Problem description
As an exercise in exact copying, transcribe the lines below from the one holding "this 720×540 image." through the last, with both ends included and pictures left out.

Given information
■ ■ ■
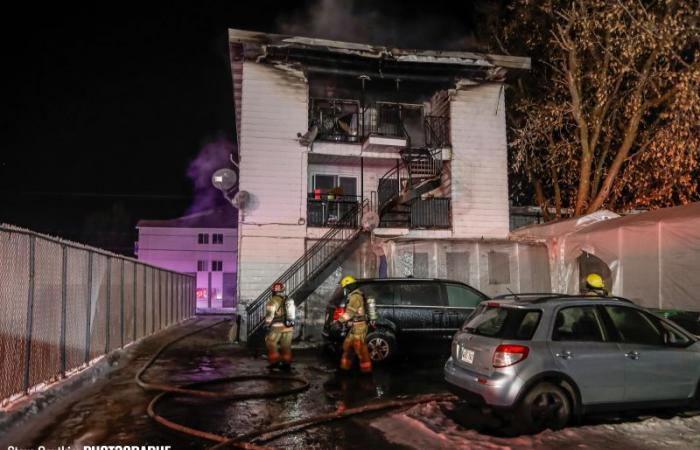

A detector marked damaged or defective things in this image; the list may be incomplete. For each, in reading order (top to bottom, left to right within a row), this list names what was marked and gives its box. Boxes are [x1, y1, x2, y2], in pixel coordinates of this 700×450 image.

damaged roof [230, 28, 532, 71]
burned building [227, 29, 548, 340]
broken window [490, 250, 512, 284]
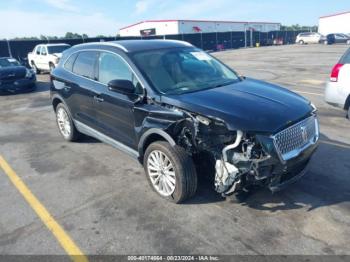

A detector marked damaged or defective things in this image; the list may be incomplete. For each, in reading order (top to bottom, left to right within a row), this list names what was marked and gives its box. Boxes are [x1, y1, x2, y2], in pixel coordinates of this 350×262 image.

crumpled hood [161, 78, 312, 133]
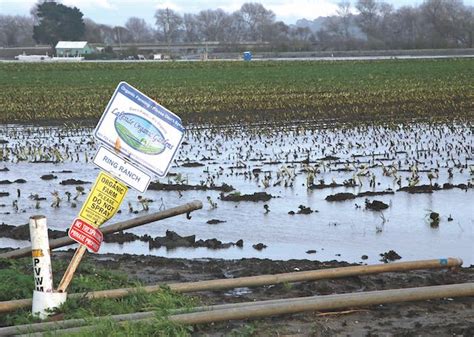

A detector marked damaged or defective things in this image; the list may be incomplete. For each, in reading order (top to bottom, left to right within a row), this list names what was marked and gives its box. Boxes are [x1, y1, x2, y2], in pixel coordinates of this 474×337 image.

damaged signpost [52, 82, 184, 298]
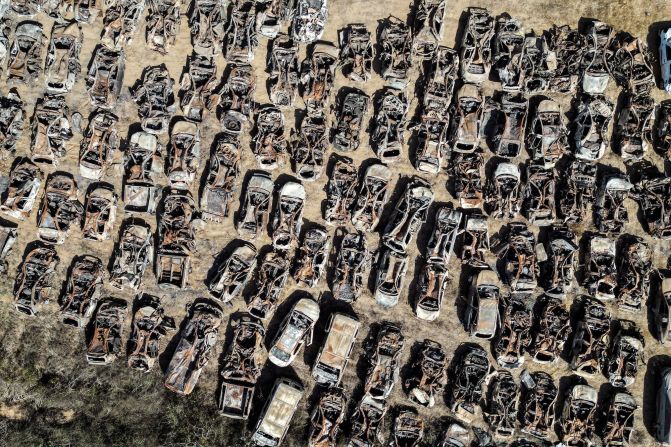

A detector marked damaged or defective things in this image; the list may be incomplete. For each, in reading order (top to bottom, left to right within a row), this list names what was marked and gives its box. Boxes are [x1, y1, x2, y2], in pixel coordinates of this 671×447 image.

rusted car body [0, 159, 42, 220]
rusted car body [7, 21, 43, 83]
rusted car body [14, 245, 58, 316]
rusted car body [30, 94, 73, 164]
rusted car body [37, 174, 82, 245]
rusted car body [44, 20, 82, 93]
rusted car body [79, 111, 119, 179]
rusted car body [83, 184, 117, 243]
rusted car body [86, 45, 124, 109]
rusted car body [85, 298, 129, 368]
rusted car body [109, 220, 153, 290]
rusted car body [122, 131, 161, 215]
rusted car body [125, 296, 175, 372]
rusted car body [133, 65, 176, 135]
rusted car body [146, 0, 180, 54]
rusted car body [158, 190, 197, 290]
rusted car body [167, 121, 200, 189]
rusted car body [165, 300, 223, 396]
rusted car body [178, 53, 220, 121]
rusted car body [209, 243, 256, 302]
rusted car body [219, 316, 264, 420]
rusted car body [238, 172, 274, 242]
rusted car body [251, 105, 284, 170]
rusted car body [247, 250, 288, 320]
rusted car body [270, 33, 298, 108]
rusted car body [270, 298, 318, 368]
rusted car body [292, 115, 328, 182]
rusted car body [294, 229, 330, 288]
rusted car body [308, 386, 344, 447]
rusted car body [312, 314, 360, 386]
rusted car body [324, 158, 356, 228]
rusted car body [332, 231, 370, 304]
rusted car body [352, 164, 394, 233]
rusted car body [372, 89, 410, 163]
rusted car body [380, 16, 412, 88]
rusted car body [384, 179, 436, 256]
rusted car body [404, 340, 446, 410]
rusted car body [468, 268, 498, 338]
rusted car body [520, 372, 556, 440]
rusted car body [568, 300, 612, 376]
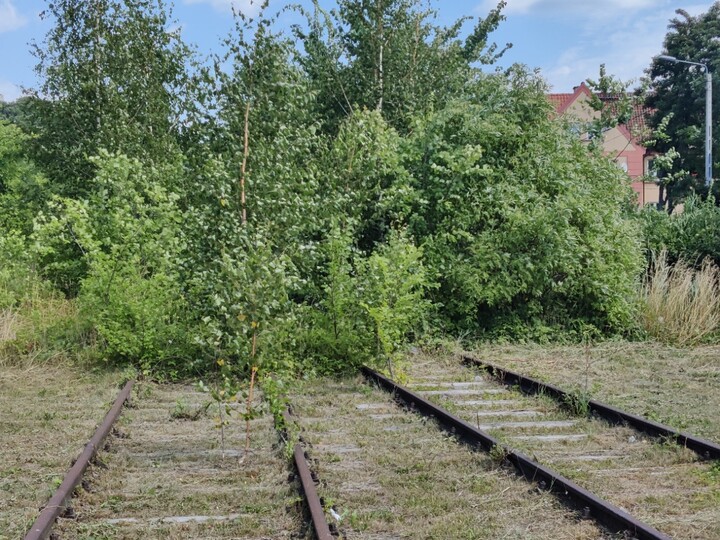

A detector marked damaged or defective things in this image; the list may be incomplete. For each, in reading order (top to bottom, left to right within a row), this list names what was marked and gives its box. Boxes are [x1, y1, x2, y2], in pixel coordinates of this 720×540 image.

rusty steel rail [25, 378, 135, 540]
rusty steel rail [284, 412, 334, 536]
rusty steel rail [362, 368, 672, 540]
rusty steel rail [464, 352, 716, 462]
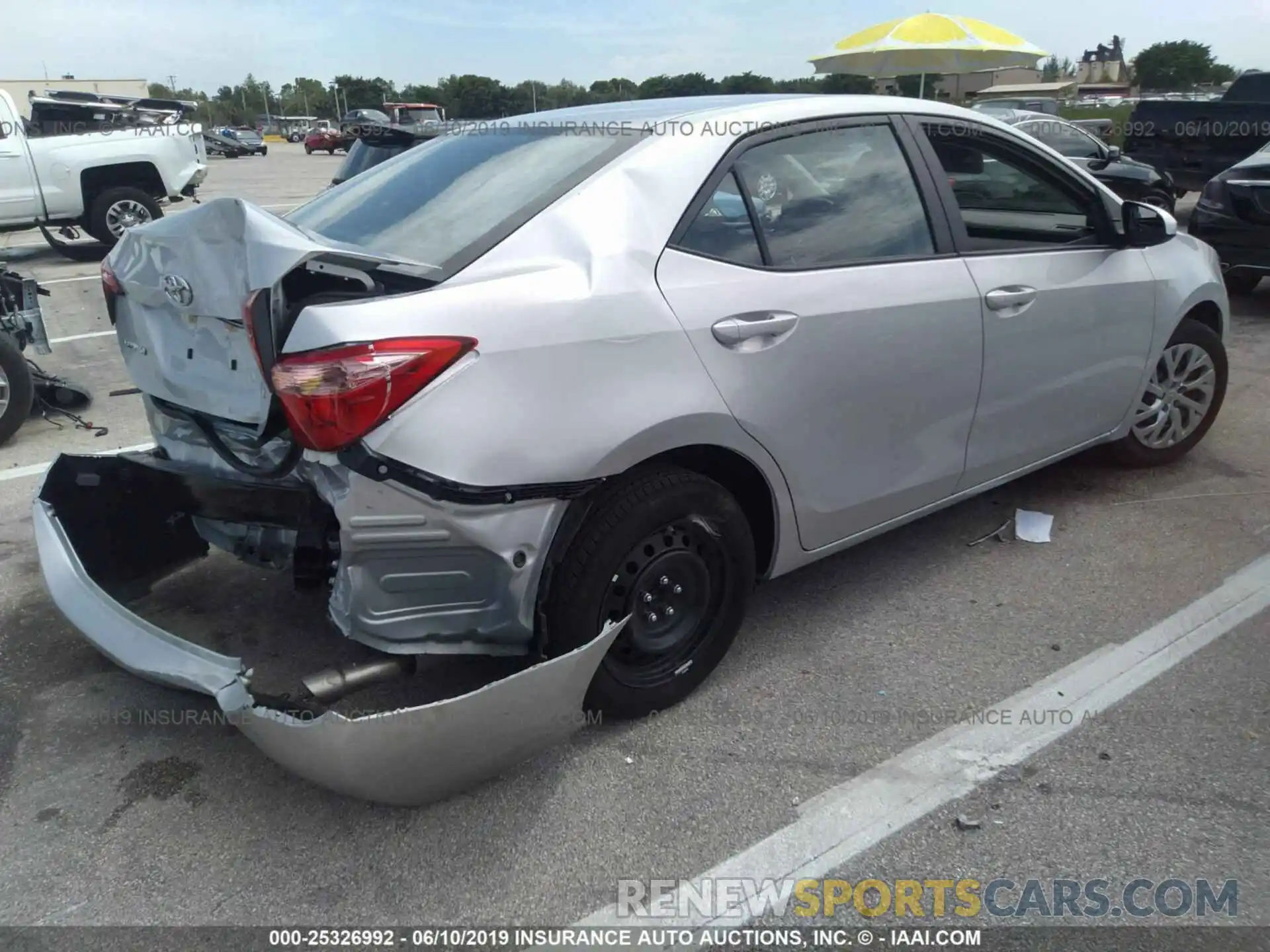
■ ■ ■
Response area
A detector marked damaged or defective things in this image; the list may be incomplete. For each, in reading order (top to bottom, left to right within a row), this list names what was marked and gives its box. Boxes are [x1, y1, x2, y2], in pixel coordinates of this 720×540 image.

rusty steel rail [25, 378, 135, 540]
rusty steel rail [284, 412, 334, 536]
rusty steel rail [362, 368, 672, 540]
rusty steel rail [464, 352, 716, 462]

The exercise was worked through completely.